“I’ve learned that people will forget what you said, people will forget what you did, but people will never forget how you made them feel.”  Maya Angelou.

  • As we have been talking about influence vs. authority and being “people smart” over the past couple of weeks, I felt that this one statement summarizes the heart of the message.  When people make decisions based on emotions, they are not always even rational choices.  If I could give any manager only one piece of advice it would be that statement.  How do you make others feel when you have an interaction? 
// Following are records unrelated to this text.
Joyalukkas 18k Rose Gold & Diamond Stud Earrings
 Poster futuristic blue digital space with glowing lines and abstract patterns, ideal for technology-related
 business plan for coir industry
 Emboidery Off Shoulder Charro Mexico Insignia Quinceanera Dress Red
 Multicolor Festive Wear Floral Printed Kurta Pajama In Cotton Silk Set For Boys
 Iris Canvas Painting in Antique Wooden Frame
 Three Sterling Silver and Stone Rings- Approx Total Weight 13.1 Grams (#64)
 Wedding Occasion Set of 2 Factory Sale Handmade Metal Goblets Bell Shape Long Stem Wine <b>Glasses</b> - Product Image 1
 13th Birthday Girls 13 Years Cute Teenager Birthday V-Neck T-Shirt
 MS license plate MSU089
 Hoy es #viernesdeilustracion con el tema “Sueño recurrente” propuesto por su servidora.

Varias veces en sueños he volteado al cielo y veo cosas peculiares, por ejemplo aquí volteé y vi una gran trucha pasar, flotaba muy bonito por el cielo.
  • Let’s look at this from a customer’s point of view.  At Culver’s our mission statement is that every guest that chooses Culver’s leaves happy.  Our mission statement is based on emotion.  In the Go-Giver mastermind, one of the rules is that our worth is determined by if we provide more value than the price paid.  Value is determined by the customer and is driven by the what emotion they feel when they leave.  Whether or not a customer returns is based on how they felt from their last visit.  If a customer comes in and says last time they were here they were disappointed, they are giving us a chance to save them as a regular customer.  They are most likely one of our raving fans that didn’t leave happy last time.  What can we do to make sure that they leave happy today?  We need to filter every interaction we have with a customer through this filter.  How did they feel when they left?  If we can add emotional value, we will always have a leg up in the value equation.
  • Our goal is to create loyal, raving fans of our business.  Our raving fans will go to the ends of the earth to tell others how great we are.  Here in lies the rub, we couldn’t pay people to talk this good about our company if we tried, and these raving fans will do it for free.  All we need to do is make them feel valued every time they are in our business.  Seth Godin argues that if your business has 1,000 raving fans then your business would be unstoppable.  Here is the challenge for the next few months, start to build and identify your 1,000 loyal, raving fans.  If you have 50 team members, challenge each of them to connect with 20 customers to get you 1,000 fans.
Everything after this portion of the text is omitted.